また、つい先日には、ハーバード大、カリフォルニア工科大を中心とする宇宙マイクロ波背景放射偏光望遠鏡BICEP2チームより、宇宙最初期のインフレーション期に生成された原始重力波を発見したとの報告がなされました。 これは、宇宙マイクロ波背景放射の中に残る原始重力波の痕跡を、南極に設置された電波望遠鏡を用いて検出したというもので、他の望遠鏡でも確認されれば、宇宙物理学史上の大発見となるものです。
このように、重力波の痕跡は続々と発見されており、重力波を波動として直接検出することの重要性はますます高まっています。 重力波を波動として直接検出することは、一般相対性理論の直接的な検証という意味だけでなく、電磁波では観測することの出来ない宇宙を探る新しい手段となり得ます。 例えば、ブラックホールや中性子星といった興味深い天体を、直接観測することが出来るようになります。
大型低温重力波望遠鏡KAGRAは、まさしくこのような波動としての重力波を直接とらえようとする国際プロジェクトです。 東京大学宇宙線研究所を中心に、高エネルギー加速器研究機構および国立天文台が推進機関となり、国内28機関155人、国外3機関76人が参加しています。 KAGRAでは、重力波により引き起こされる時空間の歪み(より分かりやすく言えば僅かな距離の変化)を極めて高精度なレーザー干渉計で計測します。 水素原子の100億分の1という小さな重力波を検出するため、一辺が3kmにもおよぶ巨大なL字型のレーザー干渉計を用います。 また、このように小さな変化を検出するためには、レーザー光が照射される鏡の機械的な振動や熱的な振動を量子効果が見えるほどまで低減させる必用があります。 KAGRAでは、地面の振動の小さな地下に望遠鏡を設置し、特殊な防振装置と極低温まで冷却された鏡を用いる事でこのような感度を達成します。 地下の望遠鏡、極低温鏡の2つは、世界でKAGRAだけが持つユニークな技術です。

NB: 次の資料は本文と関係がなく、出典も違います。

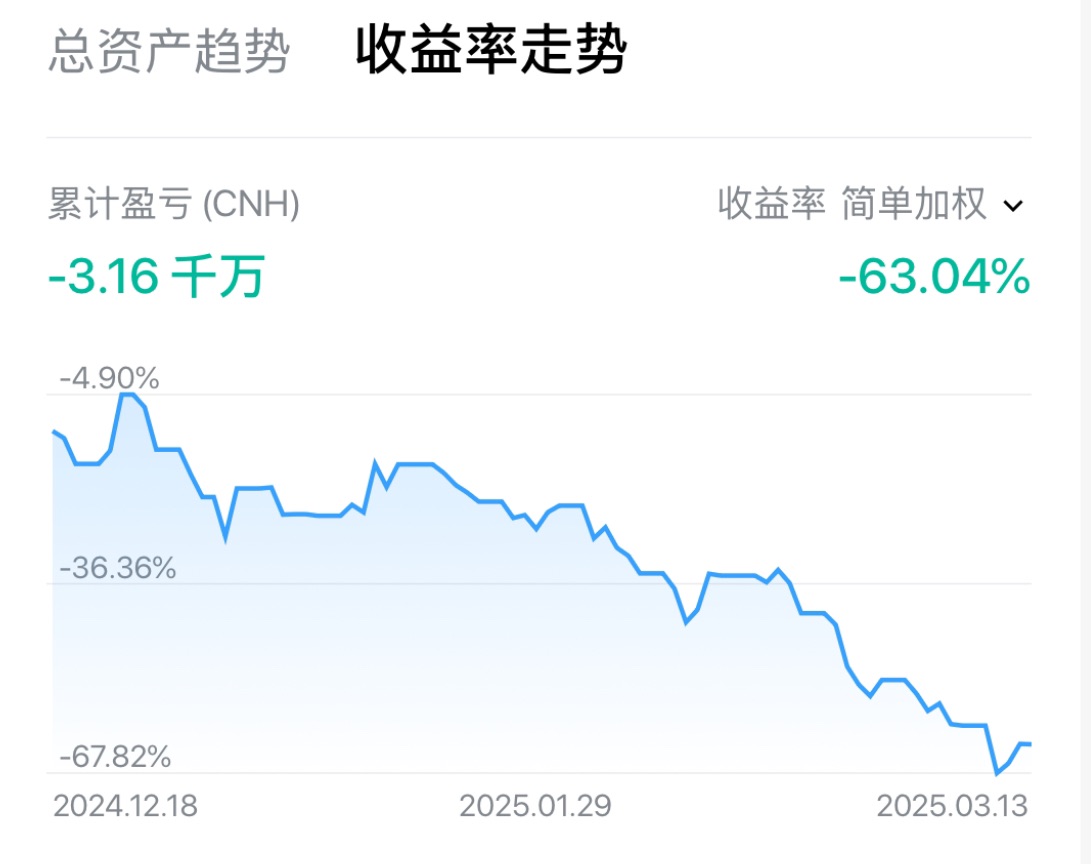 图片 1，共 1 张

KAGRAの建設は2010年より始まり、トンネルの掘削は2012年5月より始まりました。 場所は岐阜県飛騨市神岡町の池ノ山(旧神岡鉱山)で、工事は鹿島建設株式会社が施工しました。 まず誘導トンネルの掘削を行い、その後中央実験室部の掘削を経て(図3)、東北東にのびるXアーム、北北西にのびるYアームの掘削を行いました。 2013年12月にYアームが貫通し(図4、図5)、2014年3月末にXアームが貫通して、全ての掘削が無事完了しました。 掘削総延長距離は7,697メートル。たびたびの湧水に悩まされながらも、鹿島建設株式会社のNATM工法により月間掘進距離国内最高記録359メートルを達成するなど、土木工事でも大きな金字塔を打ち立てることが出来ました。
今後は、実験設備の整備、装置の構築を経て、2015年末に試験観測、2017年度に本格的な重力波観測を開始する予定です。 米国やヨーロッパでも、Advanced LIGO 望遠鏡、Advanced VIRGO 望遠鏡がそれぞれ建設中で、重力波初検出へ向けた激しい国際競争が行われています。 これらの望遠鏡が完成した後には、お互いに協力して全天をカバーする重力波観測網が形成される予定です。 この重力波観測網により、少なくとも1年に数回の重力波観測が可能になり、新しい重力波天文学の時代が始まります。